The man nodded and began scribbling away.

“You didn’t answer my question before,” Dr. Osborne said. “Why didn’t you tell us about this?”

“Well, Jackson’s suing for full custody of Mikey!” Annabelle cried as if this should make everything obvious to us now. “How are we supposed to win if the judge finds out Mikey got stolen away from us right under our noses while we should have been watching him?!”

She broke down in sobs now and buried her head in her hands again while her husband tried to soothe her.

“You can’t have honestly thought that someone wasn’t going to find out anyway,” Holm said, shaking his head in disbelief.

“I don’t know,” Annabelle wailed, and Curt just hung his head.

Holm and I exchanged a bewildered expression. No matter how long I did this job, something always managed to come along and surprise me. The sheer stupidity of it all really was staggering. Surely they had to know that this Jackson character would be a prime suspect in their son’s kidnapping. But then again, after what they’d been through, I doubted they had much time or wherewithal to think or reason much at all, and I couldn’t really blame them for that. I remembered being told that they’d even been sedated earlier since they were so distraught.

We took all the biological father’s details from Curt and Annabelle, and Dr. Osborne comforted them some more, which was interesting to watch since she didn’t strike me as the nurturing type. In the end, she just ended up giving them each some pills and telling them to get some rest and that we’d talk to them some more later.

Then the three of us reconvened in the nearest interrogation room, leaving an officer with the parents in case they came up with any more spontaneous revelations to share about their home life.

“You see that a lot?” Holm asked as soon as the interrogation room door closed behind us, jutting his thumb back in the direction of Curt and Annabelle.

“More often than you’d think,” Osborne sighed, sinking back into the chair nearest to the door as Holm and I made our way around to the other side of the interrogation table. “Though even I have to say that this is a bit extreme.”

“Families often withhold important details in these scenarios?” I asked, arching an eyebrow at this. “You’d think they’d say anything that might help them get their kid back.”

“It’s not that simple,” Osborne said, shaking her head. “Of course, they want their child returned to them, more than anything. But there’s also often a lot of shame about losing a kid like this, especially in plain sight, when the parents were supposed to be watching them. I doubt any of it’s conscious, but it’s not exactly surprising that sometimes they’ll withhold important details to make themselves look better, or seem like a more rock-solid family, and rationalize it away as if those details couldn’t actually be important to the investigation.”

“I assume we’re all in agreement that this Jackson character should be the focus of our investigation?” Holm asked, squinting down at the crumpled sheet of paper Curt had given him. “Hell, the kid could be halfway to California by now.”

“Not if the Coast Guard actually saw what they think they saw,” I said thoughtfully. “Unless they’re planning to sail all the way around Mexico to get there.”

“I doubt they’ll be heading to California at all if the biological father did take the boy,” Osborne remarked. “He’ll have to know we’ll come after him, eventually.
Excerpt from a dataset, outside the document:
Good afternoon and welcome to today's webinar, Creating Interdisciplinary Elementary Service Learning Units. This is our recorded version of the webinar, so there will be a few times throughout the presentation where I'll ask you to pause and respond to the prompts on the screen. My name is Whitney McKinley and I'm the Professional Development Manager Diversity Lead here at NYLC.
Going back home won’t do him any good. He’ll want to hide out somewhere, even adopt new identities, if this was planned at all.”
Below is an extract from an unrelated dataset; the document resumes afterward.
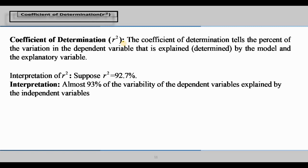I will explain how the coefficient of determination works. If we see r and r-squared: we use the correlation coefficient r, and if we square it and multiply by 100%, we get the coefficient of determination r-squared. Suppose r-squared is approximately 92.7%, meaning almost 93% of the variability of the dependent variable is explained by the independent variable. That is the coefficient of determination.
“You think it might not have been planned?” Holm asked.

“These are often impulse abductions,” Osborne said with a nod. “Say the bio father shows up and tries to meet his son again, only to find them gone. A neighbor tells them where they went, and he goes after them. Maybe he takes a friend with him or hires someone to make it seem like a stranger abduction. So sort of planned, but still on impulse.”
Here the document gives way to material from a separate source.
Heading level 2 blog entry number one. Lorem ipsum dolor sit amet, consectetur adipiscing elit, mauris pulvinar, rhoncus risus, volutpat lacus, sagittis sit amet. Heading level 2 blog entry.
“I imagine that this all could explain some discrepancies in the case,” I said, nodding slowly. “This Jackson fellow could be the man in the mask, and the other guy could be a friend or a hired gun. We’ll have to check and see if he has any weapons registered to him in California, or even in Georgia if the whole thing really was that impulsive. Then see if the weapon matches the one on the video if he has one. I suppose he could’ve bought it illegally, though.”